Exercise requirements ▸ Repeat every record exactly, but omit the images.

Excerpted records ▸
_ _ _ _
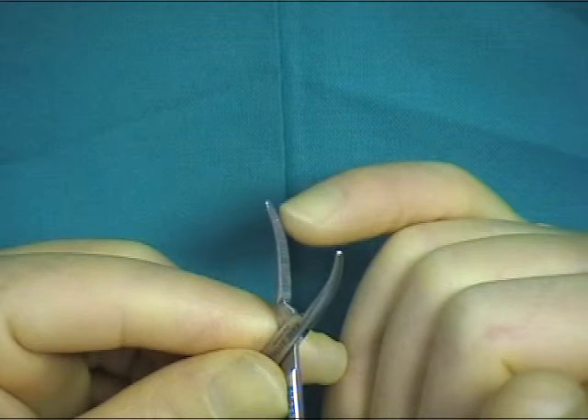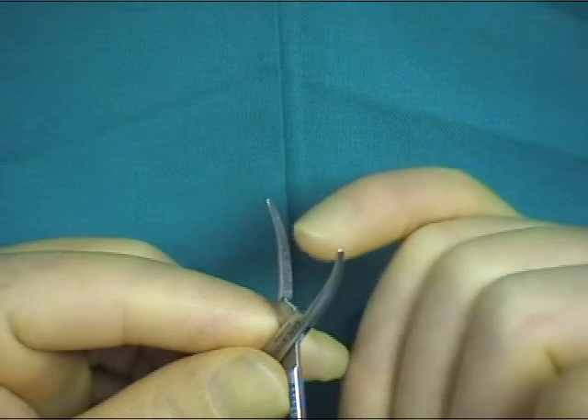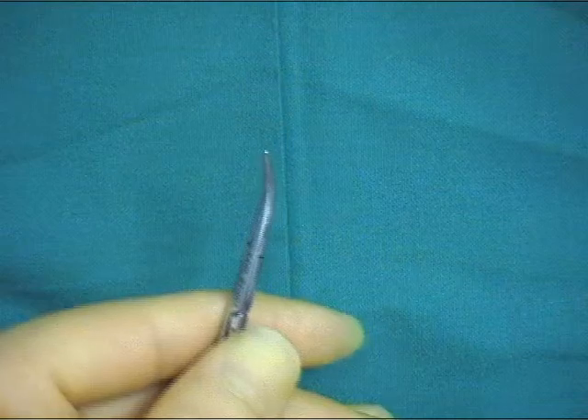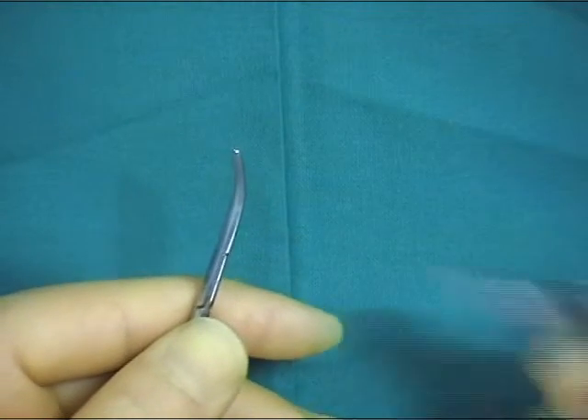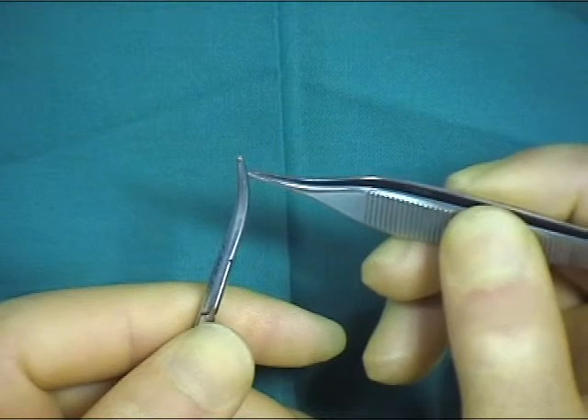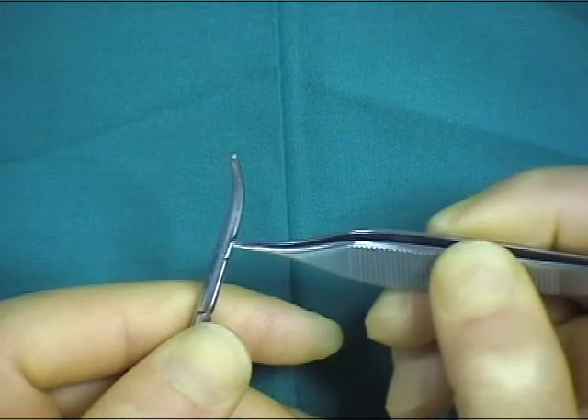When using these instruments, you should not grasp tissue at the very tip of the hemostat but rather slightly proximal to the tip. This allows suture material to be readily passed around the tip of the hemostat for subsequent ligation of the structure.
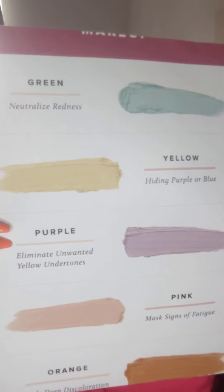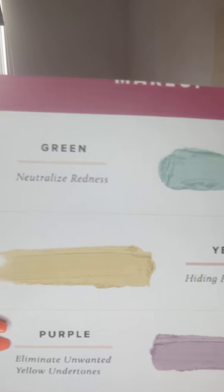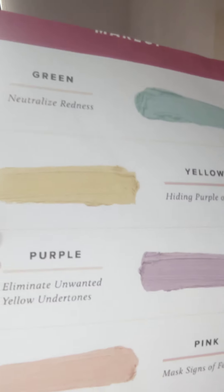And orange is for deep discolouration. A lot of these you could use on some of the same things — so if you've got more redness all over, you're going to use green, and you might use pink underneath your eyes. So it just depends. The colours are: green, yellow, purple, pink, and orange. I'll pop this guide in the chat so you can save it, print it out, or keep it on your phone.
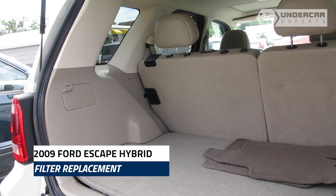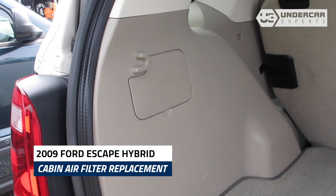Open the rear hatch of the vehicle. Locate the cover on the driver side panel. The cover will have a thumb latch. Pull the cover open.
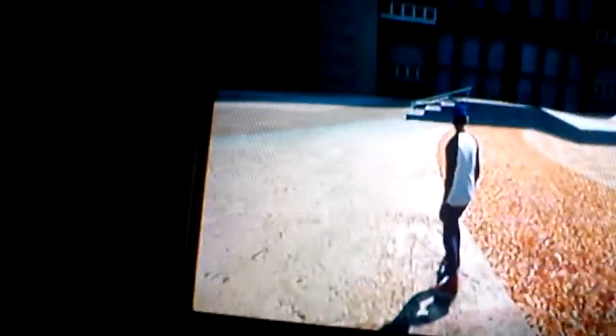Hey, I'm Stevie J Robson, and this is my Skate 3 video, showing you a skate park in Roswell, Georgia.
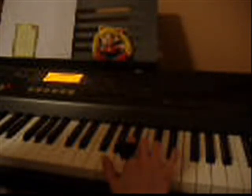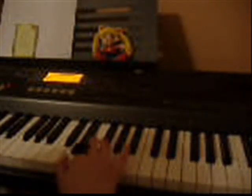F, G, A, A, G, G, A, C, A flat, A, G, A, G, F, E, D.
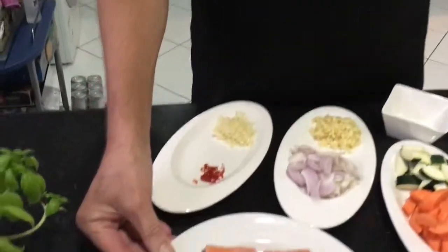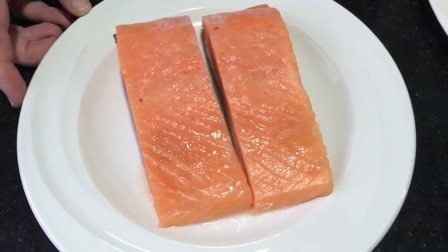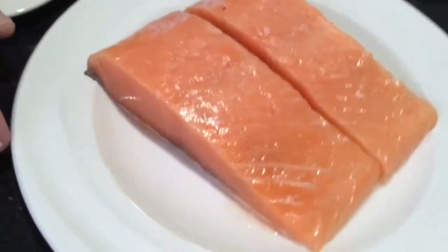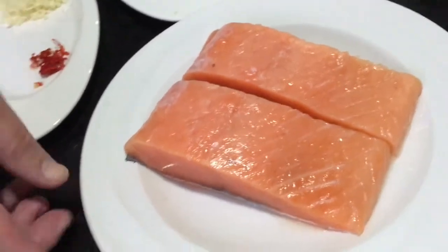Let's have a look at what I have. I have a nice salmon fillet — I ordered my salmon online from Eastfish. Eastfish has a really nice selection of seafood; I ordered some scallops, some salmon, some shrimps. Just go to www.eastfish.com and you can order everything.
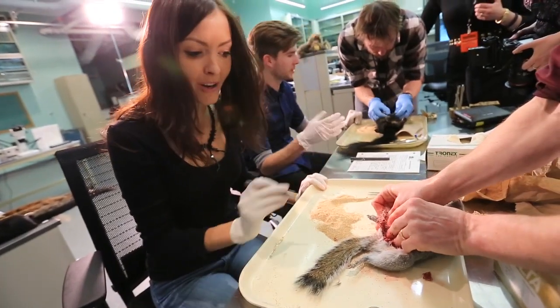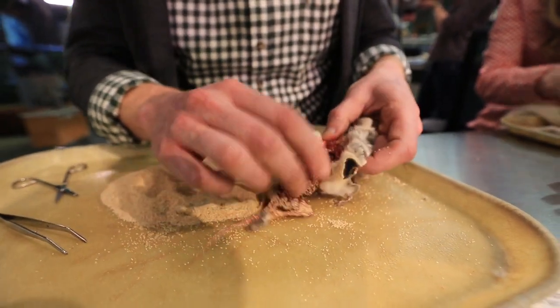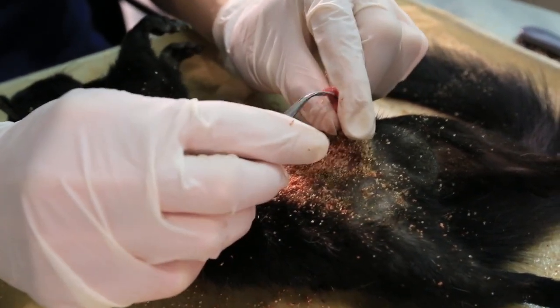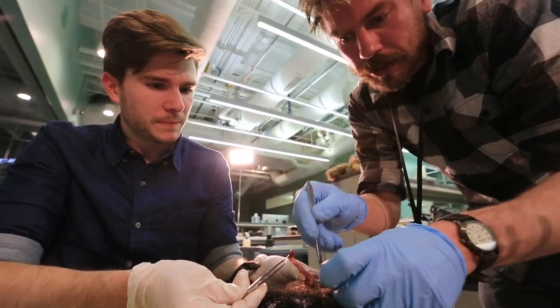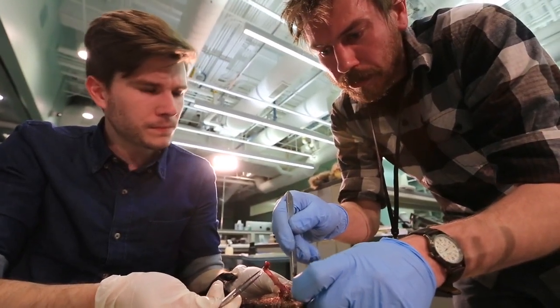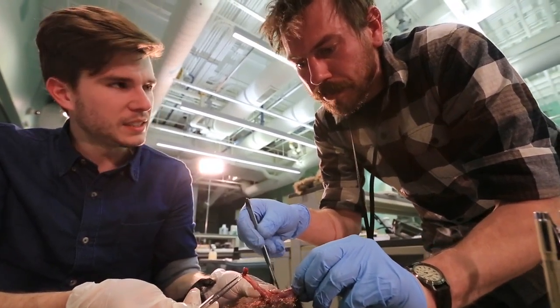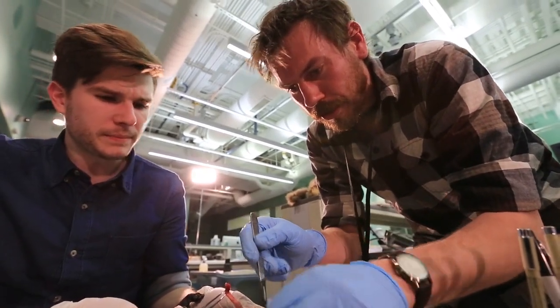It's a delicate process where I have to cut occasionally just to break the muscle from the skin. Most mammals actually have a baculum, or penis bone, and that's what we're trying to get out to have it go along with its skeleton. You want to preserve the skin, so you have to deal with the genitalia. All around, you go through the leg, get the other leg out. Pull the tail out, so the tailbone, all the vertebrae there are out.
_ _ _ _
Answer ▸
When using these instruments, you should not grasp tissue at the very tip of the hemostat but rather slightly proximal to the tip. This allows suture material to be readily passed around the tip of the hemostat for subsequent ligation of the structure.
And orange is for deep discolouration. A lot of these you could use on some of the same things — so if you've got more redness all over, you're going to use green, and you might use pink underneath your eyes. So it just depends. The colours are: green, yellow, purple, pink, and orange. I'll pop this guide in the chat so you can save it, print it out, or keep it on your phone.
Open the rear hatch of the vehicle. Locate the cover on the driver side panel. The cover will have a thumb latch. Pull the cover open.
Hey, I'm Stevie J Robson, and this is my Skate 3 video, showing you a skate park in Roswell, Georgia.
F, G, A, A, G, G, A, C, A flat, A, G, A, G, F, E, D.
Let's have a look at what I have. I have a nice salmon fillet — I ordered my salmon online from Eastfish. Eastfish has a really nice selection of seafood; I ordered some scallops, some salmon, some shrimps. Just go to www.eastfish.com and you can order everything.
It's a delicate process where I have to cut occasionally just to break the muscle from the skin. Most mammals actually have a baculum, or penis bone, and that's what we're trying to get out to have it go along with its skeleton. You want to preserve the skin, so you have to deal with the genitalia. All around, you go through the leg, get the other leg out. Pull the tail out, so the tailbone, all the vertebrae there are out.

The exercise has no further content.